Let $\mathcal{F}$ be a collection of subsets of $\{1,2,\ldots,n\}$ such that for any set $A\in\mathcal{F}$, there exists $B\not\in \mathcal{F}$ such that $A\subset B\subseteq\{1,2,\ldots,n\}$ and $|B|=|A|+1$. What is the maximum size of $\mathcal{F}$?
One bound is that $\mathcal{F}$ can be of size at least $2^{n-1}$. Indeed, if $n$ is even, put all subsets of odd size in $\mathcal{F}$ (and vice versa if $n$ is odd.) And of course $\mathcal{F}$ is of size no more than $2^n$, the number of subsets of $\{1,2,\ldots,n\}$.
Any better upper/lower bounds?
My guess for the correct answer is $(1-\Theta(1/n)) 2^n$, though I can't quite show that.
Here is a probabilistic construction that gives $(1-O(\log n/n))2^n$. The $\log n$ can probably be removed. Let $0 \leq w < n$. Choose some probability $p$, and put each $x \in \binom{n}{w+1}$ in a set $S_{w+1}$ with probability $p$. The probability that some $y \in \binom{n}{w}$ doesn't get covered by some set in $S_{w+1}$ is $(1-p)^{n-w}$, and we put all these into some set $T_w$. We will later throw away both $S_{w+1}$ and $T_w$. The expected size of both sets together is $p\binom{n}{w+1} + (1-p)^{n-w} \binom{n}{w}$, and there is some choice achieving this. Choosing $p = \log(n-w)/(n-w)$, we get $(1-p)^{n-w} \approx 1/(n-w) < p$. When $w \leq (1-\epsilon) n$ (for some arbitrary constant $0 < \epsilon < 1/2$), $p \leq \log n/(\epsilon n)$. Hence by taking all sets of weight at most $(1-\epsilon) n$ and removing all $T_w$ and $S_{w+1}$, we get a set satisfying your property whose density is $1-\log n/(\epsilon n)$. (The total weight of sets of weight more than $(1-\epsilon) n$ is exponentially small.)

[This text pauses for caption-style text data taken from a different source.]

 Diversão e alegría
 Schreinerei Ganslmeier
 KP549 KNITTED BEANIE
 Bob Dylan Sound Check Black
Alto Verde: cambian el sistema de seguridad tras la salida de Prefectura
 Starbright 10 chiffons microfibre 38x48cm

In order to remove the $\log n$, we can try to intelligently choose $S_{w+1}$. The calculation below shows that in order to obtain $T_w = \emptyset$ we need $|S_{w+1}| \geq 1/(n-w) \binom{n}{w+1}$, and I imagine that there is a construction almost achieving this. Such a construction would give a family of size $(1-O(1/n))2^n$.

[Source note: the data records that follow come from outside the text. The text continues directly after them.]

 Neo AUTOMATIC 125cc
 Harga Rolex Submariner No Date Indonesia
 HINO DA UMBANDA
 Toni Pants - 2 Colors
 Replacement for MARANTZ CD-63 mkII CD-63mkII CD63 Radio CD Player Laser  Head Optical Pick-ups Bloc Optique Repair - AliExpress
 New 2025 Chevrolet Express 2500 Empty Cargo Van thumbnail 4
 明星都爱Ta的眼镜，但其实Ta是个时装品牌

Here is an upper bound of $(1-\Omega(1/n))2^n$. Given a family $\mathcal{F}$, let $S_w = \mathcal{F} \cap \binom{n}{w}$ belongs to the family. Since each set in $\binom{n}{w+1}$ covers at most $w+1$ sets in $S_w$, at least $|S_w|/(w+1)$ sets must be omitted from the family. If $|S_w| = \alpha \binom{n}{w}$ then $$ \frac{|S_w|}{w+1} = \frac{\alpha}{n-w} \binom{n}{w+1}. $$ Hence for $w < (1-\epsilon)n$ (for some arbitrary constant $0 < \epsilon < 1/2$), either $|S_w| < (1/2) \binom{n}{w}$ or $|S_{w+1}| < (1-1/(2\epsilon n)) \binom{n}{w+1}$ (we could choose a better cutoff instead of $1/2$ to get better constants). In total, again using the fact that large sets are an exponentially small fraction of all sets, we get that $|\mathcal{F}| \leq (1-\Omega(1/n))2^n$.